### Assigned task
Reproduce only this range: the line holding "画像ギャラリー No.006のサムネイル画像 /" through the last line of the data below, both included, exactly, with no pictures.

##### Source records #####

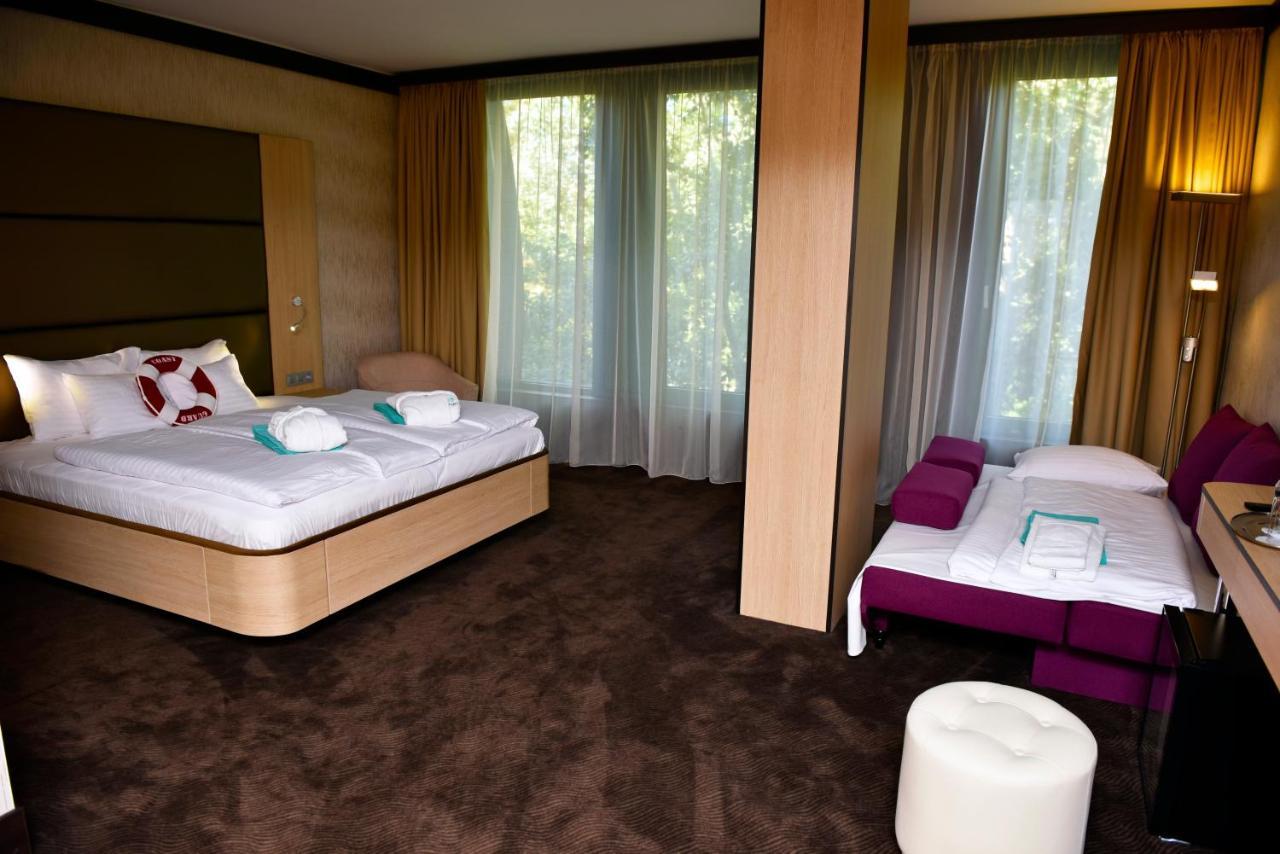 Portobello Wellness & Yacht Hotel เอสแตร์กอม ภายนอก รูปภาพ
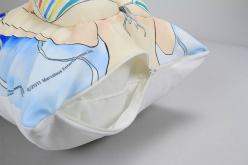 画像ギャラリー No.006のサムネイル画像 / このクッション,胸が……。「閃乱カグラ -少女達の真影-」のグッズ“飛鳥パフパフクッション”を真面目に紹介してみる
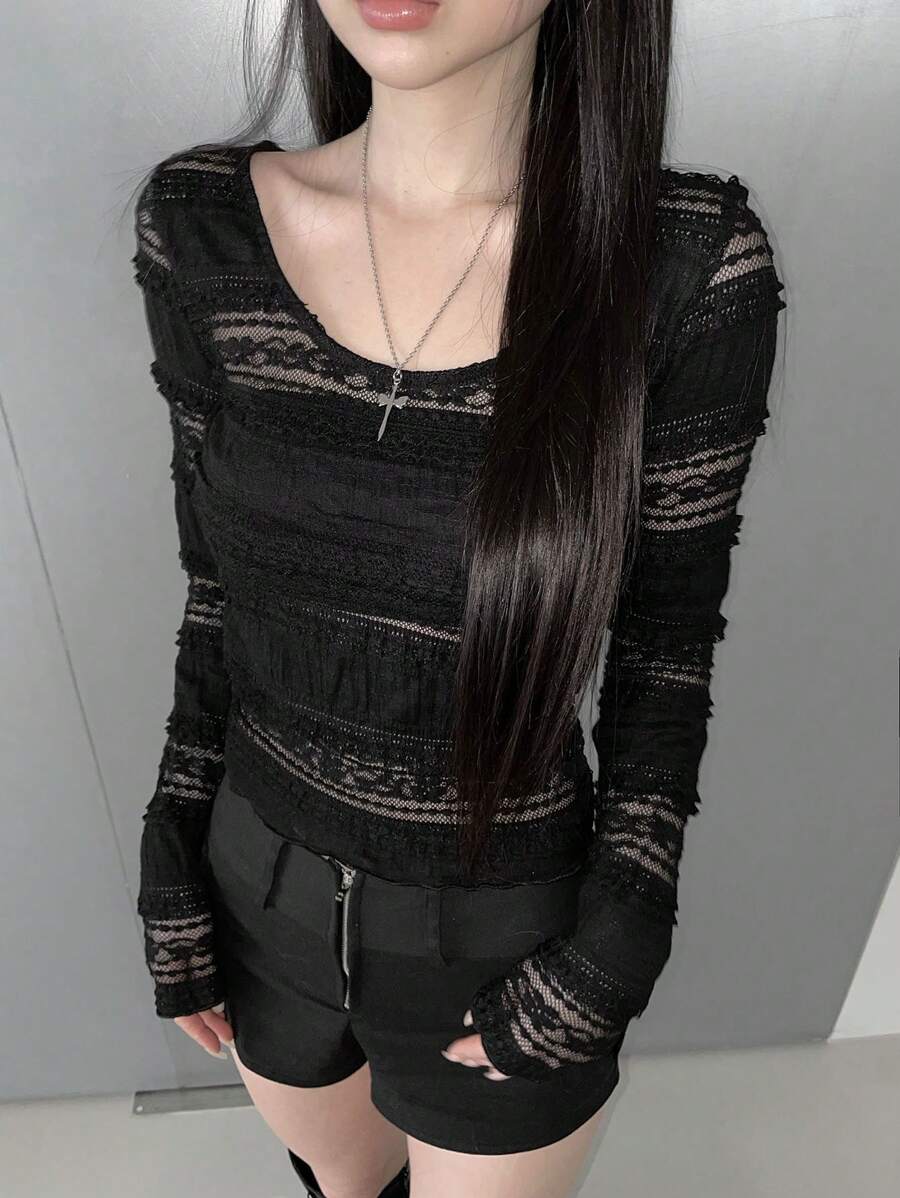 DAZY 女款大廓型性感哥德風圓領透視蕾絲黑色長袖上衣,適合春夏萬聖節與秋季,女裝夜店聚會穿搭 - 黑色 - 查看 1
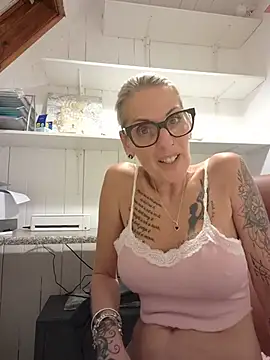 Busty-MorganXX stripchat live cam model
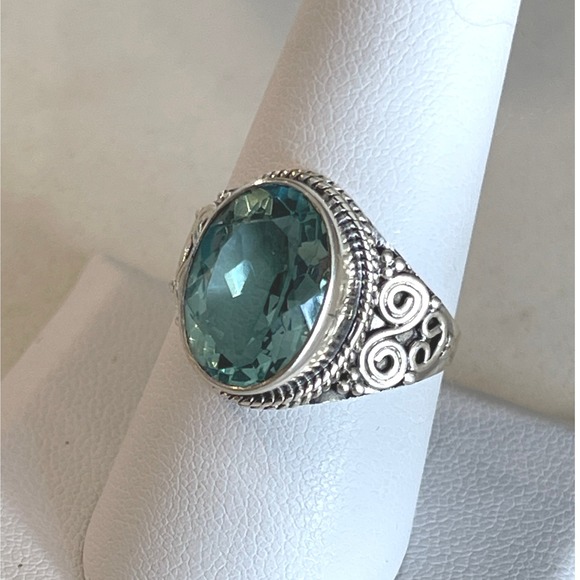 Brand New 925 Sterling Silver Ring w/ 10.7mm Light Blue Stone, Size 9, 5g - Picture 2 of 4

#####

### Result for this task
 画像ギャラリー No.006のサムネイル画像 / このクッション,胸が……。「閃乱カグラ -少女達の真影-」のグッズ“飛鳥パフパフクッション”を真面目に紹介してみる
 DAZY 女款大廓型性感哥德風圓領透視蕾絲黑色長袖上衣,適合春夏萬聖節與秋季,女裝夜店聚會穿搭 - 黑色 - 查看 1
 Busty-MorganXX stripchat live cam model
 Brand New 925 Sterling Silver Ring w/ 10.7mm Light Blue Stone, Size 9, 5g - Picture 2 of 4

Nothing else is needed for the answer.